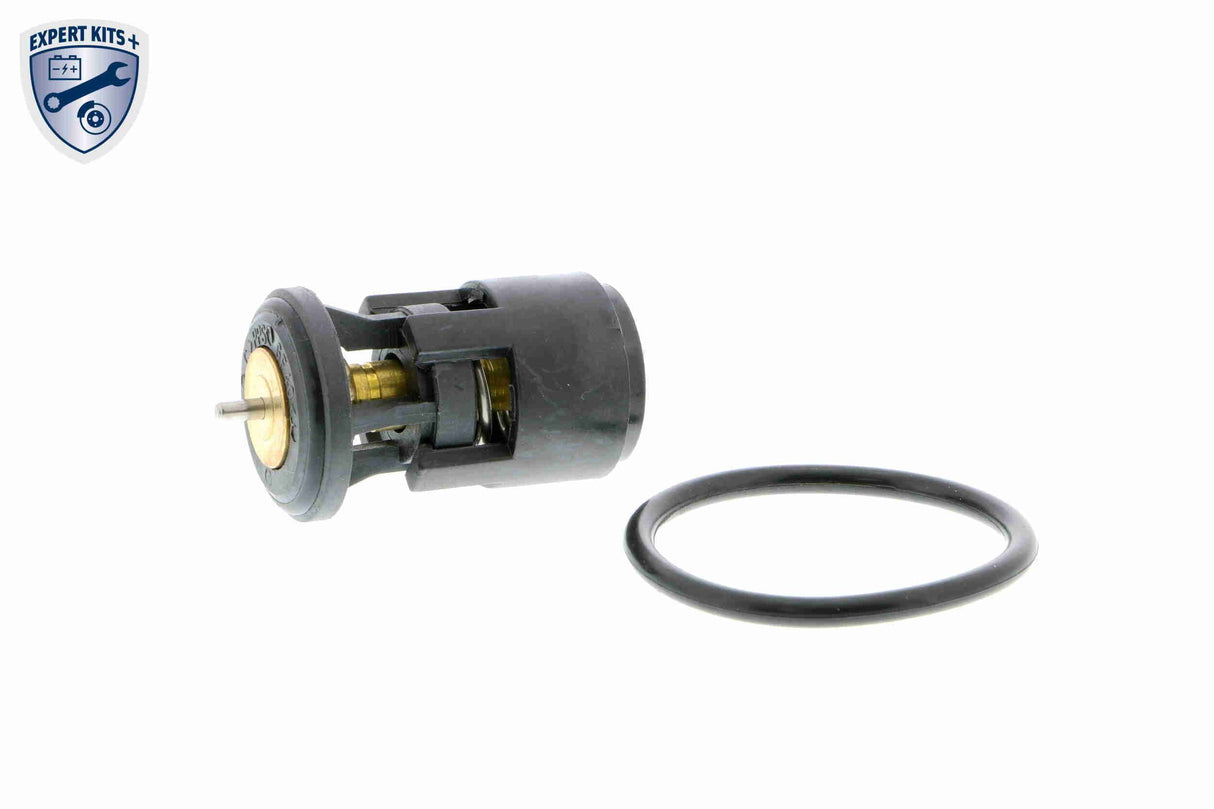Thermostat, coolant - V15-99-2019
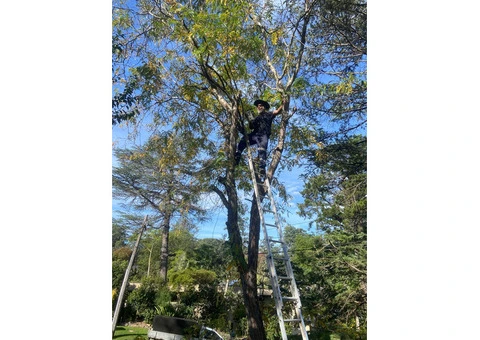Tree Services North Shore - 3/4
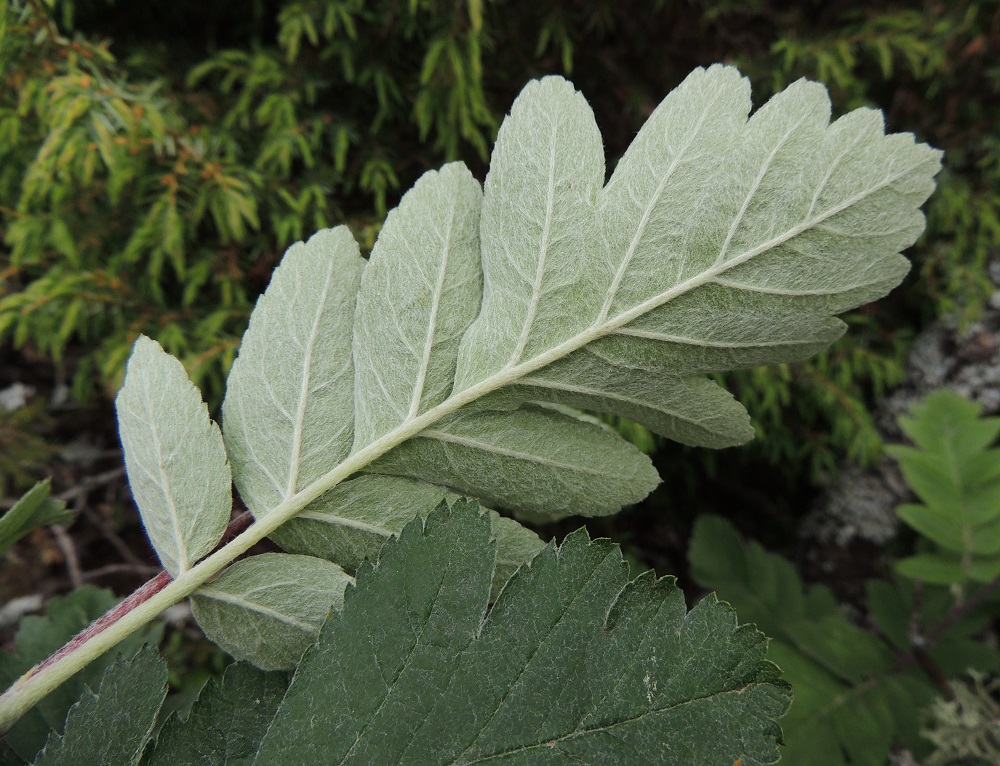 Hedlundia hybrida - suomenpihlajan päätölehdykän ja muiden lehdyköiden reunat ovat terävähampaiset. Lehtilapa on päältä vihreä tai tummanvihreä ja aluksi karvainen mutta myöhemmin kaljuuntuva. Alapuoli on vaalean huopakarvainen ja karvoituksen vuoksi harmaa tai harmaanvihertävä. Kärkilehdykän alapuoliset, erilliset lehdykkäparit ovat osittain limittäiset. Kukattoman haaran lehdissä niitä voi olla kolmekin. A, Lemland, Järsö, Lilla Björkö -niemen eteläpää, Söderfjärden-merenlahden rantakallioalue, 9.6.2014. Copyright Hannu Kämäräinen.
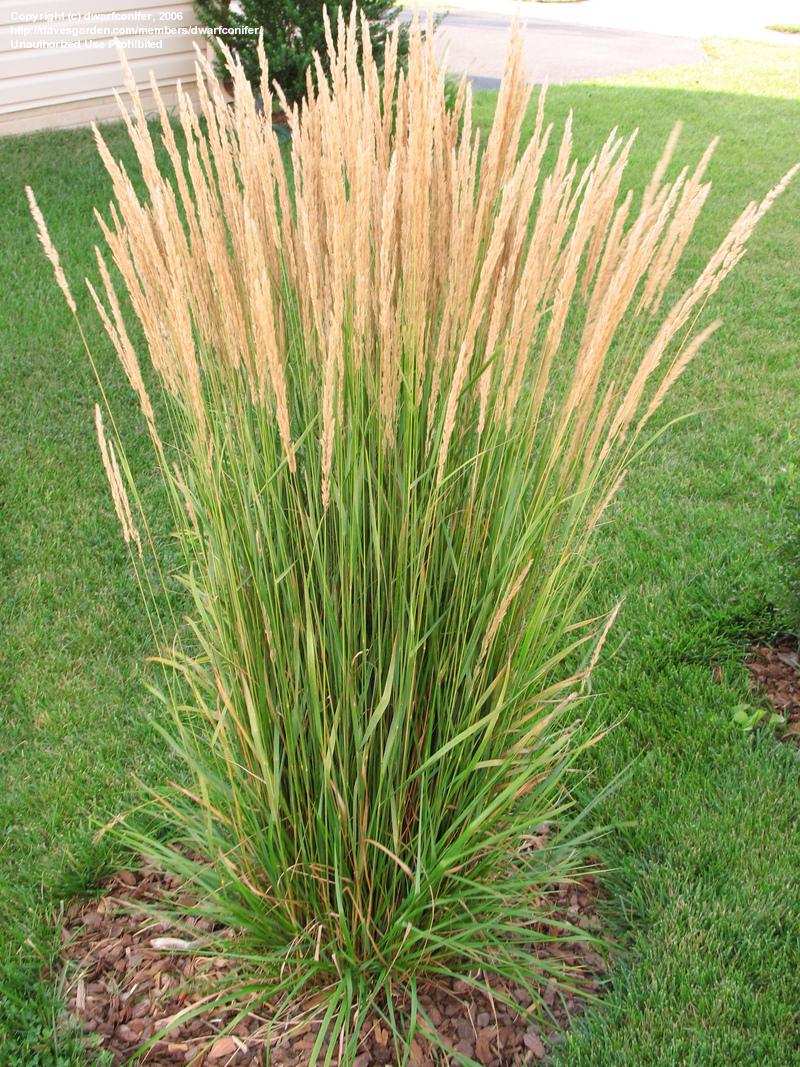 Iarba ornamentală - Calamagrostis acutiflora 'Karl Foerster'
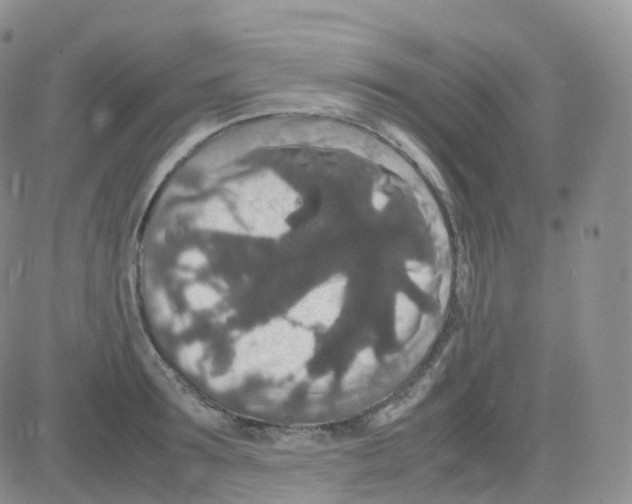 X0000082740899200702240010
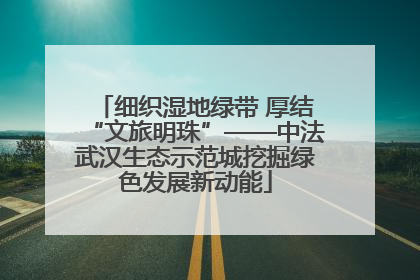 细织湿地绿带 厚结“文旅明珠”——中法武汉生态示范城挖掘绿色发展新动能
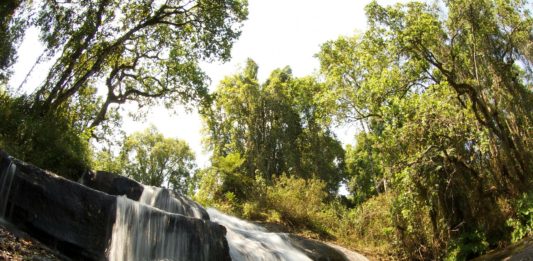 Het Zomba plateau Zomba plateau Malawi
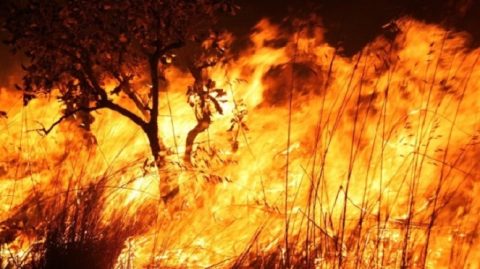 Mais de 11 milhões de pessoas já foram diretamente afetadas por incêndios florestais, diz CNM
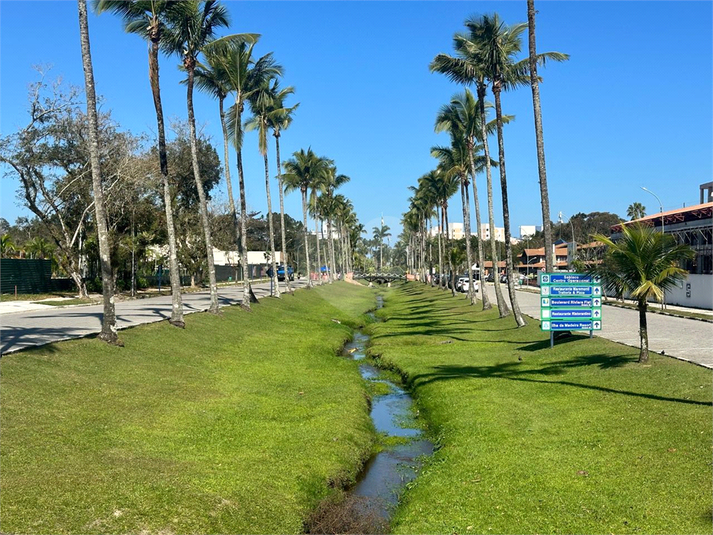 Foto REO1120767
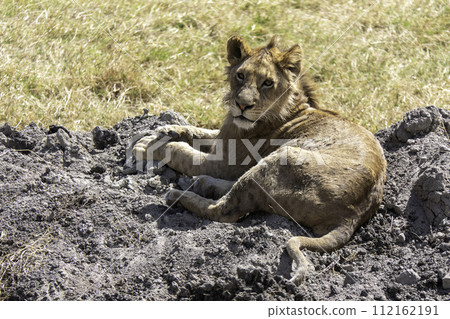 Tanzania, Ngorongoro, lion lying in the crater Tanzania, Ngorongoro, lion lying in the crater 112162191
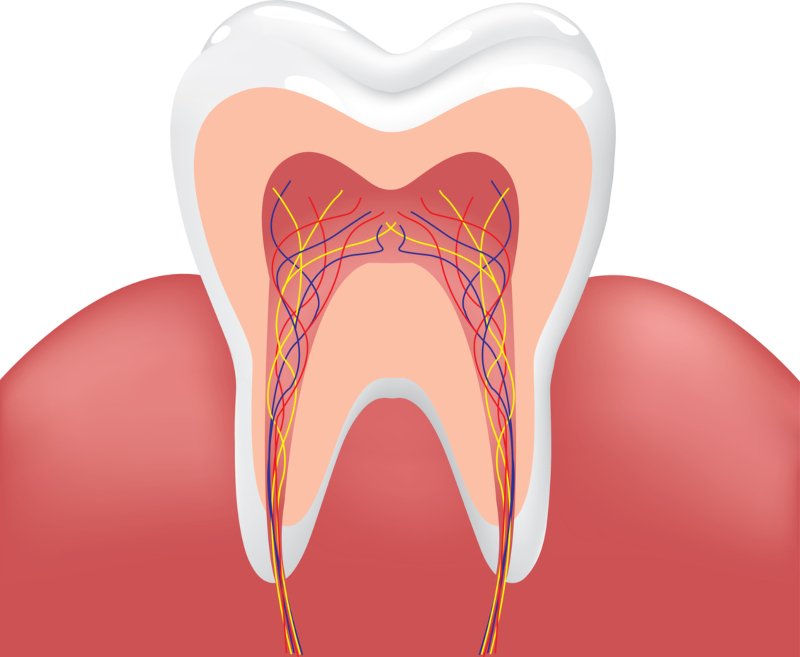 Clínica Smile.up disponibiliza serviço de criopreservação de células estaminais da polpa dentária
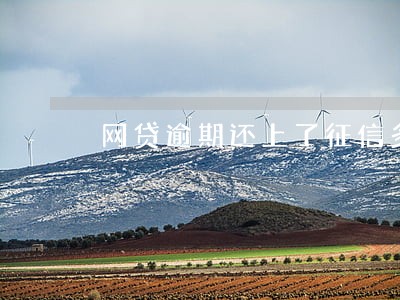 网贷逾期还上了征信多久更新 网贷逾期还上了征信多久更新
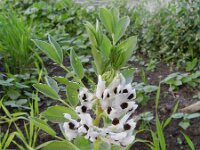 Vicia faba 6, Tuinboon, Saxifraga-Rutger Barendse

#####

- [Directions]: The lines wanted are those from the start of the material above through the line with "Tree Services North Shore - 3/4", both included; print them exactly and skip any picture.

- [Finished exercise]:
Thermostat, coolant - V15-99-2019
Tree Services North Shore - 3/4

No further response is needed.